# I didn't know



## ducknut141 (Apr 26, 2017)

That coyote ate corn. I had one come trotting in yesterday and start munching on my bait pile. I would post a photo of it but it was devastated by a 100 grain spitfire. So much for hunting there for a few days till it rains a bit.


----------



## aquaholic2 (Feb 17, 2010)

I have trail cam photos of three of them licking my slat block this summer.Last fall one of our guys surprised one trotting thru the open woods with one of our wooden yd markers in his jaws....


----------



## PromiseKeeper (Apr 14, 2004)

most any dog I've ever owned liked sweet corn, so it doesn't surprise me.


----------



## s.a.m (Feb 22, 2016)

Most dog food contains corn as a main ingredient, my labs would eat corn while goose hunting a corn field.


----------



## ducknut141 (Apr 26, 2017)

One thing I was happy with is I know my scent control is working. He was 12 yards away down wind.


----------



## s.a.m (Feb 22, 2016)

I carry a mouse sqeeker while deer hunting for that reason


----------



## buckeyebowman (Feb 24, 2012)

Why bother waiting that long? If the spot is attractive to deer, hunt it! My BIL has a place in SE OH. He hung a game cam overlooking a bait pile and we went down to hunt. First order of business, pull the card and have a look at what was out there. 
There was the occasional coyote, always a single, never more than one in the pic, which supports the data that they are lone hunters. 

Minutes later the deer would be back. If a hunting dog can distinguish a cold track from a hot one, I'm sure that deer can do the same! 

I saw a post where a guy had shot a doe, and buried the gut pile, thinking to do some predator hunting. Makes sense, right? What showed up? More deer!


----------



## miked913 (Feb 29, 2008)

Coyotes are omnivores, they eat nuts berries, grasses apples etc. #1 meats are small rodents, study after study shows deer being a VERY small percentage of their food despite popular belief.
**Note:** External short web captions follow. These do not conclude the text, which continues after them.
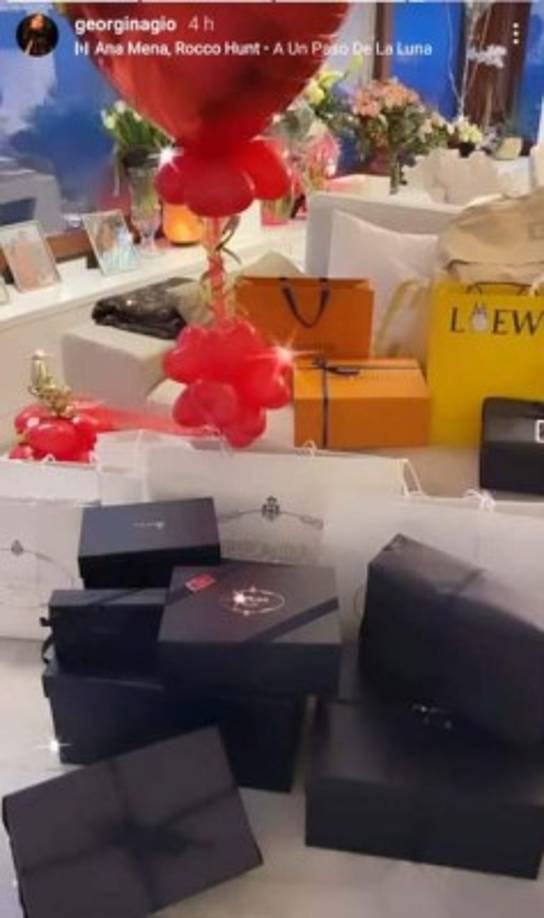 Georgina Rodríguez presumió todos los regalos que recibió Cristiano Ronaldo.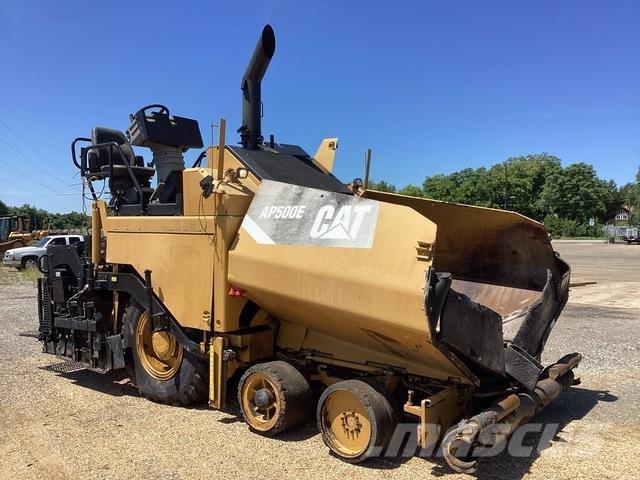 CAT AP 550E Aszfalt terítõ gépek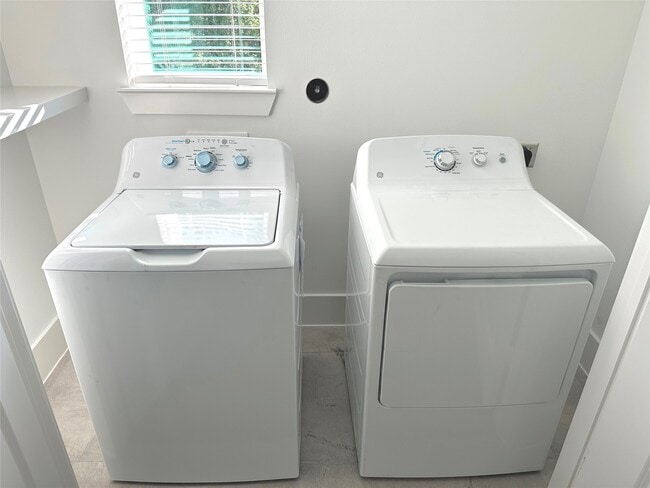 Building Photo - 4317 Koehler St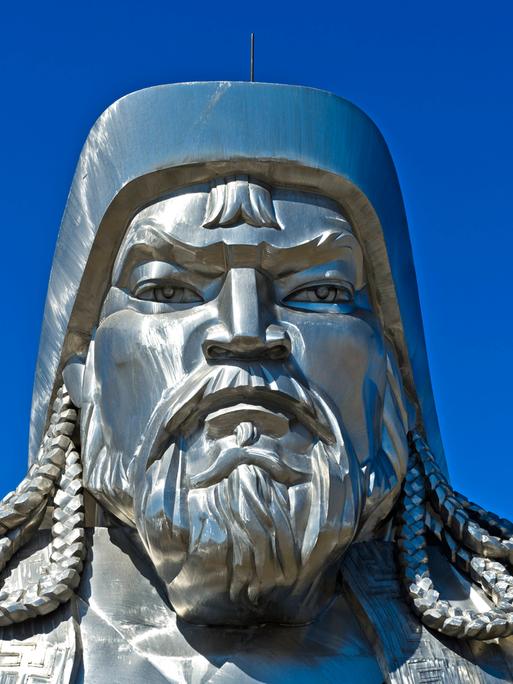Eine Statue von Dschingis Khan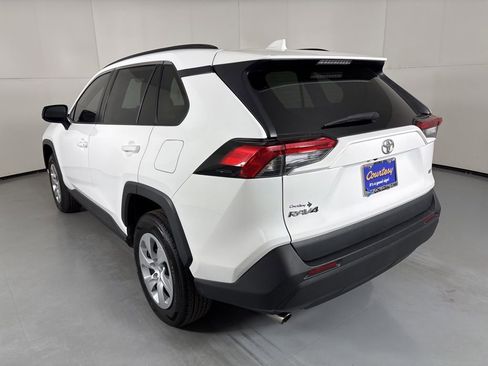 Used 2021 Toyota RAV4 LE FWD image 7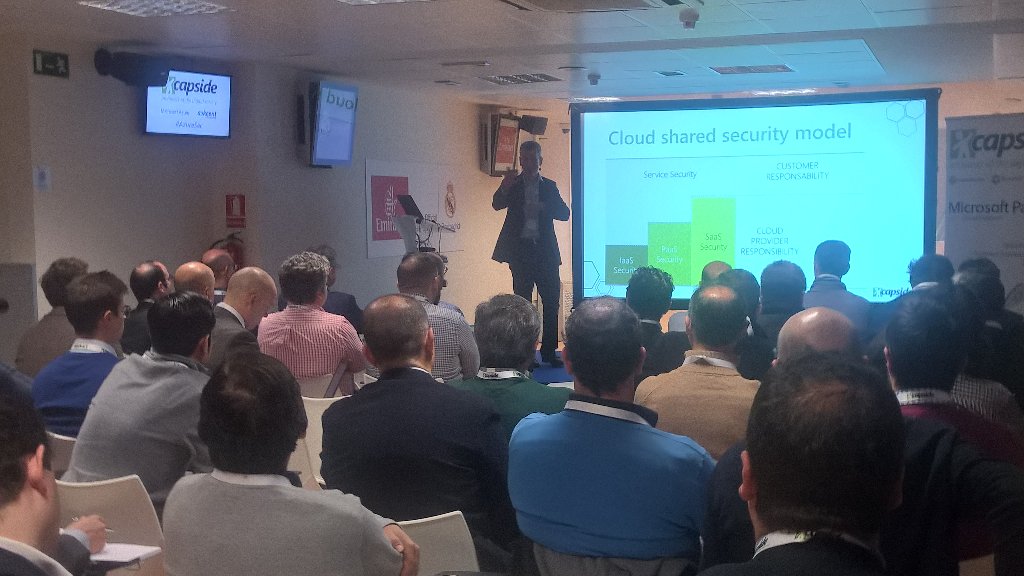 mingoBCN's tweet image. @acabreram_ @capside @ackcentsecurity @Microsoft #AzureSec Cloud shared security model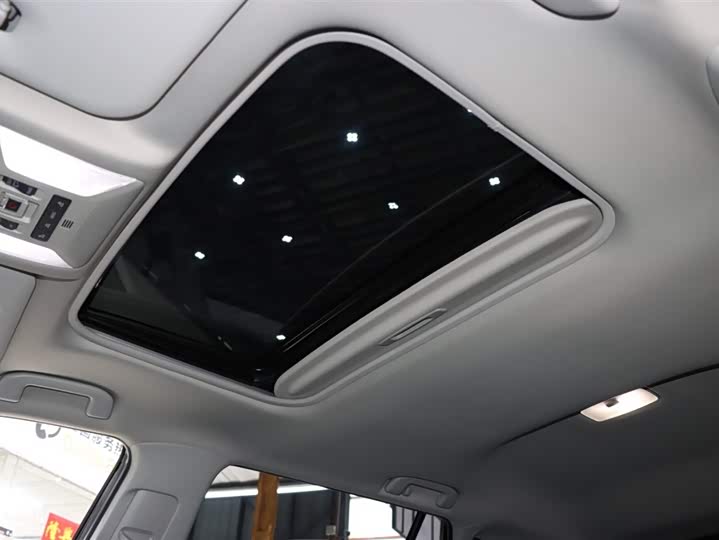 Фото 16 - Toyota RAV4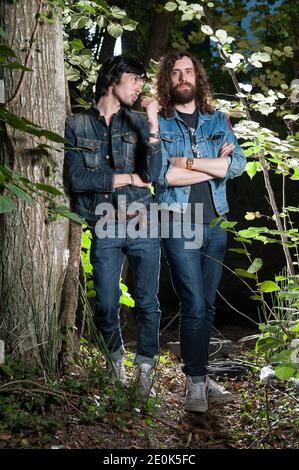 Xavier de Rosnay (L) et Gaspard Auge, du duo français de musique électronique Justice, posent après la représentation au Paleo Festival de Nyon, Suisse, le 17 juillet 2012. Photo de Loona/ABACAPRESS.COM Banque D'Images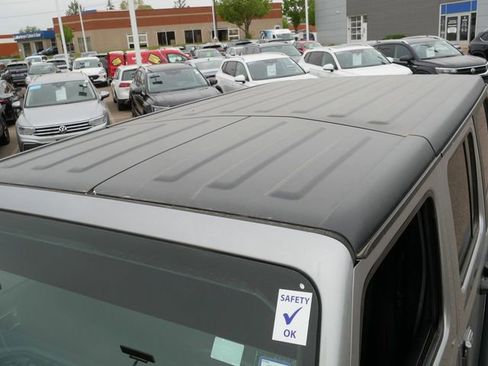 Used 2018 Jeep Wrangler Unlimited Rubicon AWD/4WD image 11
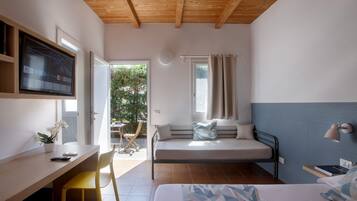 1 habitación, caja de seguridad en la habitación y escritorio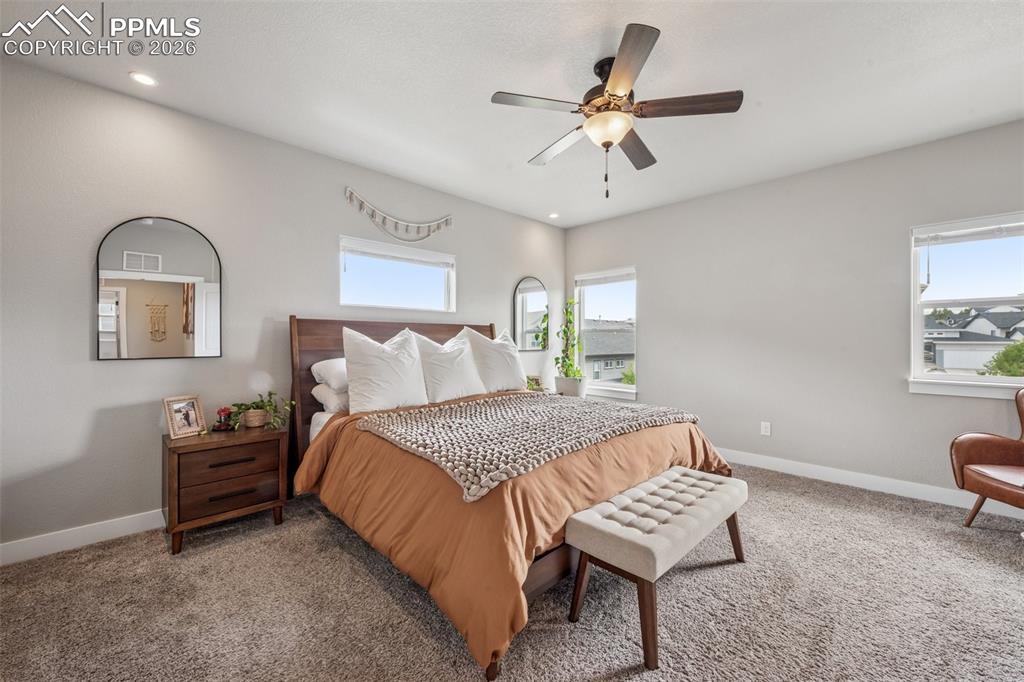 Image 17 of 43: Bedroom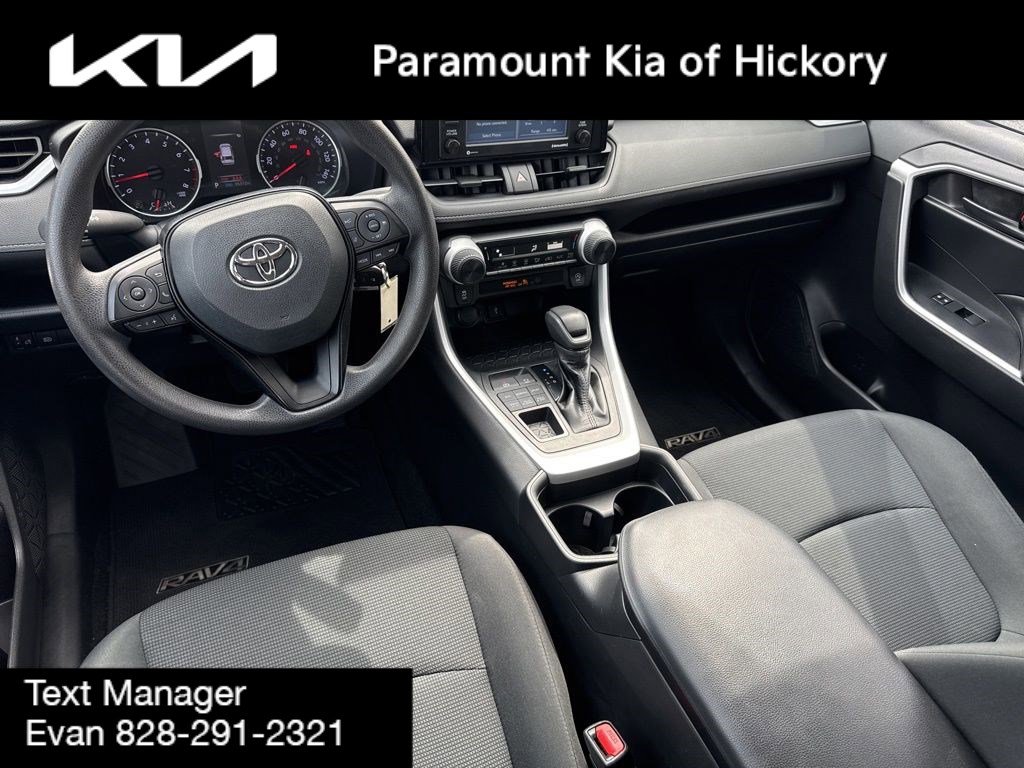 Used 2020 Toyota RAV4 LE image 16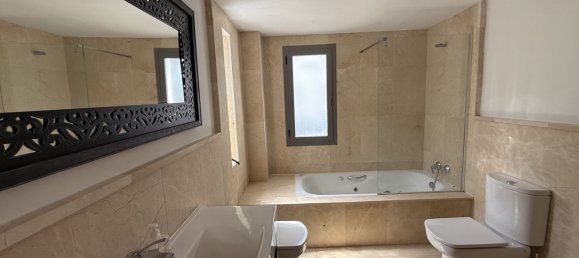 2 bedrooms Apartment in Malaga, Spain No. 147556 9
Sent from my moto z3 using Tapatalk


----------



## Yakphisher (Jul 9, 2013)

I wouldn't stop hunting it. Deers tends to be curious and it never stopped them from coming in. I even hang up a deer skull in the tree in front of the camera and seen a lot more deer checking it out than I would ever thought.


----------



## JohnD (Sep 11, 2007)

I have had several pics of them with one of my apples in there mouth. Have had as many as 5 coyotes in one pic on bait pile and doesn't seem to bother the amount of deer activity on them


----------



## loweman165 (May 15, 2015)

Got a neighbor that put apple's out back just to watch the deer. Lately a Red Fox has been coming in to eat the apples. I thought they were nonexistent around here let alone they'd eat apples.


----------



## fastwater (Apr 1, 2014)

Yep...they are omnivorous alright.
And contrary to many beliefs...as well as studies...opportunistic meat eaters as well.
You forgot to add to their menu...nesting and young turkey poults,eggs, fawns(adult deer when they can run them down), rabbits, kitty cats and dogs. Or most any other animal that they can capture...up to and including calving cows.
Hearing a calving cow is like ringing the dinner bell for yotes. Not only will they eat all the normal excretions from a cow that's given birth, but will literally yank the calf out of the cow if they can get ahold of it, killing calf and sometimes the cow in the process. Not even going to get into the havoc they cause with sheep.


----------



## MagicMarker (Mar 19, 2017)

Was deer hunting couple years ago watching a wild pear tree that still had pears on it. Coyote came trotting in and was jumping 4 feet in air to get them He was sitting still eating one when I shot him


----------



## fastwater (Apr 1, 2014)

I came home one hot, mid summer afternoon, stepped out of the truck and heard the most awful screaming coming from a ravine close to the house. Grabbed a pistol, went down to find three yotes that had a full size doe down. She was laying on her side, head up bawling and they were lunging/biting at her from different angles. Her mouth being all frothed up with saliva and panting heavily, it was apparent they had run her until she dropped. 
As I ran down hollering into the ravine, there was no doubt they intended on standing their ground. Was able to kill two. Shot at the 3rd as it ran up and over the hill. 
Backed off from the doe and watched her laying there for what seemed to be about 25-30 mins. She finally got up, stood there for a bit, started meandering around and then walked down the ravine.
Have also killed a total of 5 here inside the yard. Three in one night that were together. Looked to be a mother and two pups about 2/3rds grown. Mother and one pup under a trailer, the other pup laying under a blue spruce. Most likely here waiting on their chance at a couple rabbits that were here that were a bit closer to the house. 
Killed the two under the trailer, hit the one under the spruce. It ran down towards the ravine. Went down the next morning and it was dead at the entrance of their den that was at the head of the ravine where I pile a lot of brush. To the tractor/front loader down and dug den out. Didn't see any sign of fruit in or around the den but sure saw a lot of bones. 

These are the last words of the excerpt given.